- [Source data]:
****
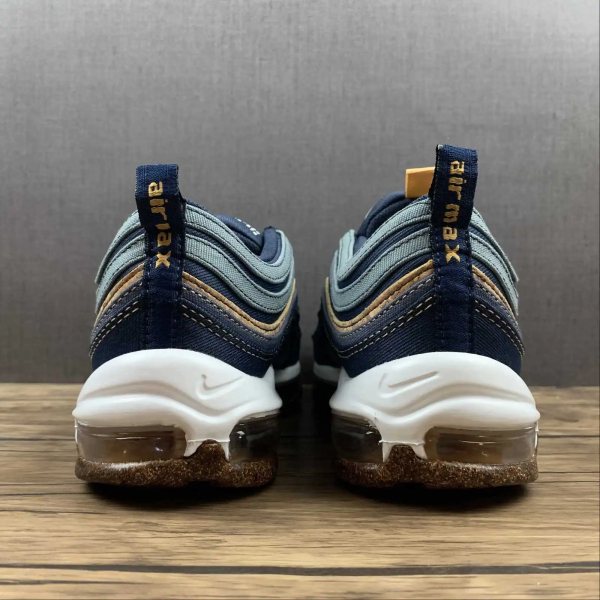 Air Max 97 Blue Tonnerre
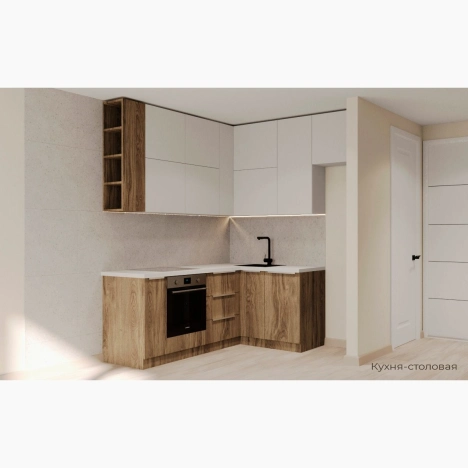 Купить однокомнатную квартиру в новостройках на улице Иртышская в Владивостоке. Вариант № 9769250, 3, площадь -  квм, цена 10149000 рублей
****
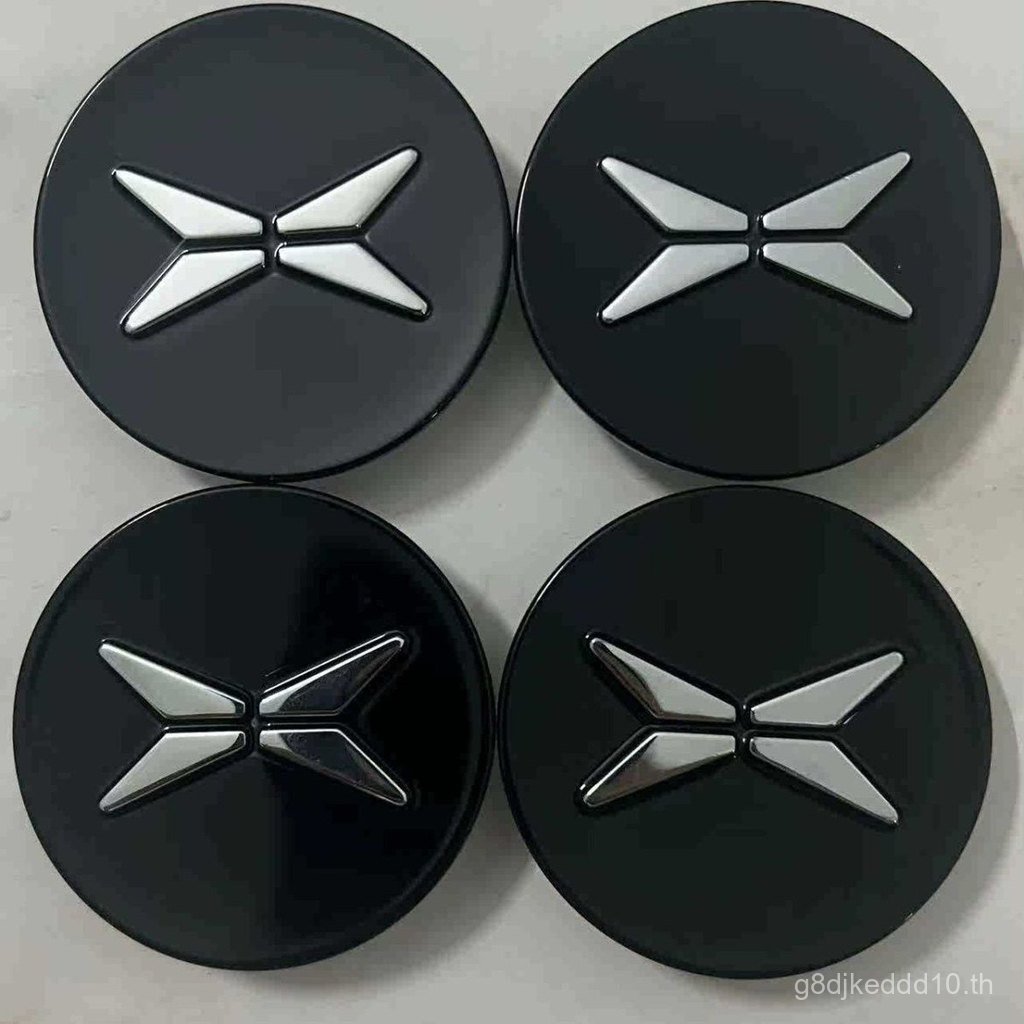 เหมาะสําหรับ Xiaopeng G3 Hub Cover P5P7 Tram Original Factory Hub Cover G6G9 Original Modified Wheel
****
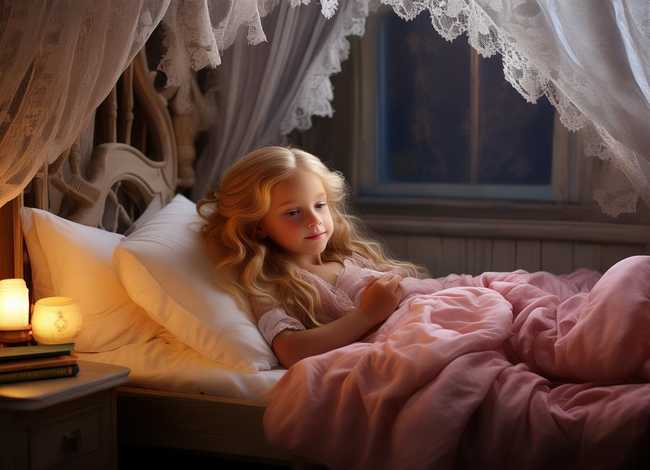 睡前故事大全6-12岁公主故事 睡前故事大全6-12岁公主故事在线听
****
- [Problem to work on]: Output exactly, and only, the lines of the entries above from the one with "Air Max 97 Blue Tonnerre" up to and including the one with "Купить однокомнатную квартиру"; pictures are to be left out.

- [Solution for this problem]:
 Air Max 97 Blue Tonnerre
 Купить однокомнатную квартиру в новостройках на улице Иртышская в Владивостоке. Вариант № 9769250, 3, площадь -  квм, цена 10149000 рублей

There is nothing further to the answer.